David from the dentist

“Is this FOREVER?”  the kid asks, and his dad laughs.  We chuckle because we know that it’s such a kid thing to say.  It’s easy for kids to think that a present, temporary state will last forever, because they’re not as used to change as we are.  They haven’t seen the myriad ways in which what once seemed permanent begins to shift and melt away.  People around you pass away, you move, and age, and your body begins to change too without your having any say in it.

This is where I am right now.  Constantly asking “Is this going to be FOREVER?”  Am at the crux of not knowing whether I am young or old, whether I should be wholly responsible for myself, or still entwined with my family.  Law school or grad school or work or what?  There aren’t any grades or rules anymore to measure myself by.  That’s alternately, simultaneously liberating and frightening.  What now?  is the question that constantly presents itself.  What should I try next?  And how to get there?

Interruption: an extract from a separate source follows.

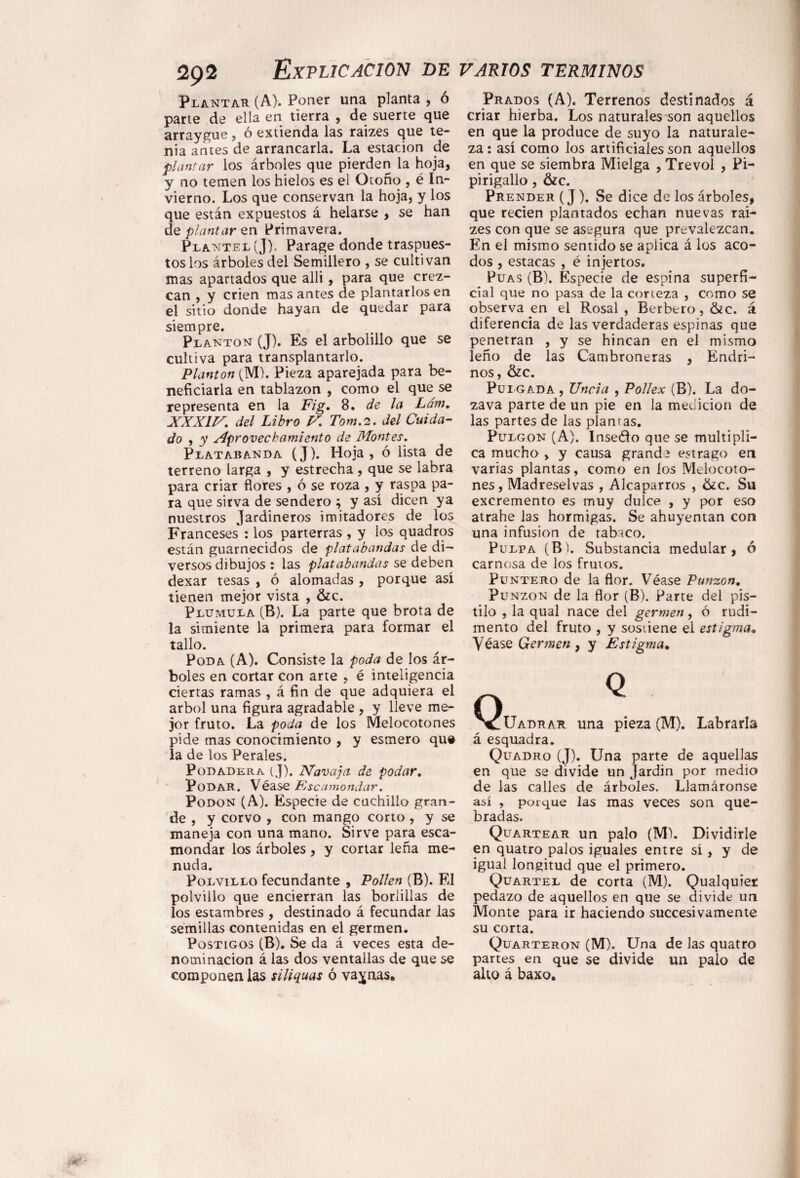 Plantar (A). Poner una planta , o parte de ella en tierra , de suerte que arraygue, ó extienda las raizes que te¬ nia antes de arrancarla. La estación de plantar los árboles que pierden la hoja, y no temen los hielos es el Otoño , é In¬ vierno. Los que conservan la hoja, y los que están expuestos á helarse , se han de plantar en Primavera. Plantel (J), Parage donde traspues¬ tos los árboles del Semillero , se cultivan mas apartados que alli, para que crez¬ can , y crien masantes de plantarlos en el sitio donde hayan de quedar para siempre. Plantón (J). Es el arbolillo que se cultiva para transplantarlo. Plantón (M). Pieza aparejada para be¬ neficiarla en tablazón , como el que se representa en la Fig. 8. de la Lám. XXXIV. del Libro U. Torn. 2. del Cuida¬ do , y Aprovechamiento de Montes. Platabanda (J). Hoja, ó lista de terreno larga , y estrecha , que se labra para criar flores , ó se roza , y raspa pa¬ ra que sirva de sendero ; y así dicen ya nuestros Jardineros imitadores de los Franceses : los parterras , y los quadros están guarnecidos de platabandas de di¬ versos dibujos : las platabandas se deben dexar tesas , ó alomadas , porque así tienen mejor vista , &c. Plumula (B). La parte que brota de la simiente la primera para formar el tallo. Poda (A). Consiste la poda de los ár¬ boles en cortar con arte , é inteligencia ciertas ramas , á fin de que adquiera el árbol una figura agradable , y lleve me¬ jor fruto. La poda de los Melocotones pide mas conocimiento , y esmero qu» la de los Perales. Podadera (J). Navaja de podar. Podar. Véase Escamondar. Podon (A). Especie de cuchillo gran¬ de , y corvo , con mango corto, y se maneja con una mano. Sirve para esca¬ mondar los árboles , y cortar leña me¬ nuda. Polvillo fecundante , Pollen (B). El polvillo que encierran las borlillas de los estambres , destinado á fecundar las semillas contenidas en el germen. Postigos (B). Se da á veces esta de¬ nominación á las dos ventallas de que se componen las siliquas ó vaynas* Prados (A). Terrenos destinados á criar hierba. Los naturales son aquellos en que la produce de suyo la naturale¬ za : así como los artificiales son aquellos en que se siembra Mielga , Trevol , Pi¬ pirigallo , &c. Prender (J). Se dice de los árboles, que recien plantados echan nuevas rai¬ zes con que se asegura que prevalezcan. En el mismo sentido se aplica á los aco¬ dos , estacas , é injertos. Púas (B). Especie de espina superfi¬ cial que no pasa de la corteza , como se observa en el Rosal , Bérbero, &c. á diferencia de las verdaderas espinas que penetran , y se hincan en el mismo leño de las Cambroneras , Endri¬ nos , &c. Pulgada , Uncía , Pollex (B). La do¬ zava parte de un pie en la medición de las partes de las plantas. Pulgón (A). Inseélo que se multipli¬ ca mucho , y causa grande estrago en varias plantas, como en los Melocoto¬ nes, Madreselvas , Alcaparros , &c. Su excremento es muy dulce , y por eso atrahe las hormigas. Se ahuyentan con una infusion de tabaco. Pulpa (B). Substancia medular, ó carnosa de los frutos. Puntero de la flor. Véase Punzón. Punzón de la flor (B). Parte del pis¬ tilo , la qual nace del germen, ó rudi¬ mento del fruto , y sostiene el estigma. Véase Germen , y Estigma. O NlUadrar una pieza (M). Labrarla á esquadra. Quadro (J). Una parte de aquellas en que se divide un Jardín por medio de las calles de árboles. Llamáronse así , porque las mas veces son que¬ bradas. Quartear un palo (M). Dividirle en quatro palos iguales entre sí , y de igual longitud que el primero. Quartel de corta (M). Qualquier pedazo de aquellos en que se divide un Monte para ir haciendo succesivamente su corta. Quarteron (M). Una de las quatro partes en que se divide un palo de alto á baxo.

I’m 24 years old right now.  It’s important to stop and think about that, because it’s too easy to watch the days, weeks, and months slip by without being conscious of what substantive things I’ve been able to do in that time.  I won’t wait passively for the next big thing, the next ready-made pre-fab Ikea life goal to present itself before deciding what I can be and do in the world.

There is much that is broken in this world.  Once you’ve acknowledged this as a truth for you, you have a series of choices.  Watch the problems unfold from a distance (until the tide reaches you), run for the nearest shelter and wait for the storm to pass (which it never will.  there will always be storms), do what you can to help rectify them.  I’ve always said that I don’t need to save the world, change the world.  Just make the world a little better in my own small way, every day, in a sustainable way.  It might not be enough.  It might be a futile gesture, and it will be hard.  It might be thankless in the sense of social and financial status.  But at least attempt, that’s all we can do.  You can choose for yourself what the project of your life will be, which you will never finish.  That is the truth, you endlessly optimistic Americans.  But it’s ok.  Choose what will give you meaning, or make meaning for yourself.